La
llave de contacto deshizo el silencio, roto por el rugido del motor que llamaba
a la partida hacia un destino incierto. Las puertas se cerraron tras el ímpetu
y el esfuerzo colmado en la búsqueda de una nueva página en blanco en la vida
de una persona que ahora conducía en plena noche, alumbrado por las últimas
farolas del pueblo y adentrándose en la oscura carretera hacia un nuevo lugar.
Las curvas y revueltas de la serpenteante unión con lo desconocido, subían y
bajaban trechos montañosos antes de ascender hasta el punto culminante ante el
que caía la ladera que anidaba un pequeño pueblo, iluminado en la distancia por
diminutos puntos y sembrado a sendos lados del horizonte por una negra espesura
rota por el despertar del sol naciente, rojo y redondo, cuya luz rasgaba el
cielo y daba vida mítica a las nubes. Un pequeño desvío, por un pedregoso
camino a orillas de un río casi testimonial y escoltado, acompasado a su paso
por esbeltos árboles, conducía a una fábrica a simple vista ruinosa y vieja.
Sólo la música del radiocasete cortaba la impresión de la huida del tiempo a
otra época anterior.

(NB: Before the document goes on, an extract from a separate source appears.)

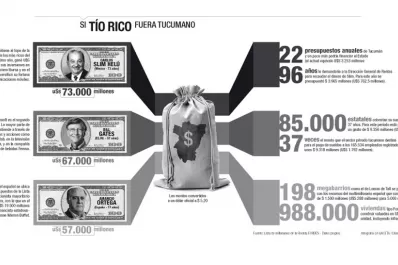 ¿Qué se puede hacer en Tucumán con los millones que atesoran los más ricos del mundo?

Sensación que cobró realidad al cerrar de golpe seco la
puerta del automóvil y acercarse, mochila al hombro, al portón que, aunque
cerrado, daba acceso al interior. Tras llamar a la puerta con insistencia en
repetidas ocasiones, no obtuvo respuesta alguna. El desierto como ausencia de
alma alrededor y la estampa de la fábrica, solitaria en la vereda semejaban el
mismo espíritu, ese que palpitaba de nerviosismo ante la espera puesta a su fin
por el chirriar de la gigantesca puerta.
El
sol resplandecía en lo alto e iluminaba un espléndido día, otorgándole un
colorido vivo que alegraba el lento caminar. Atrás quedaba la última aldea que
había servido de dechado descanso. La búsqueda de un maestro inició un largo
viaje que comenzó tras aquella salida forzosa. Quizá un panegírico discurso lo
hubiera liberado de un esfuerzo por contenerse, pero ahora, su conciencia se
gustaba de la decisión tomada. No obstante el hecho de no encontrarse en una
diatriba cuya aspiración única parecía el erigirse en sofí de naifes, mercancía
de sí mismo en un mercado en el que por ser, no se era más que un instrumento
en manos de cualquier ser despreciable, lo empujaba hacia un lugar lejano en el
que todavía se podía ser uno mismo aún en compañía de los demás. Un otero daba
cobijo, decían, a un maestro que te guiaba a él. Sus fuentes no eran muy
socorridas que digamos, y mucho menos la información que había podido recopilar
para documentarse sobre qué rumbo tomar. En un manuscrito de un viejo filósofo,
antes de que estos fueran castigados por el silencio, pudo leer el nombre de un
trifinio. Allí vivía un sabio que conocía el retiro de los condenados al
silencio que habían decidido vivir en lógica conjunción consigo mismos.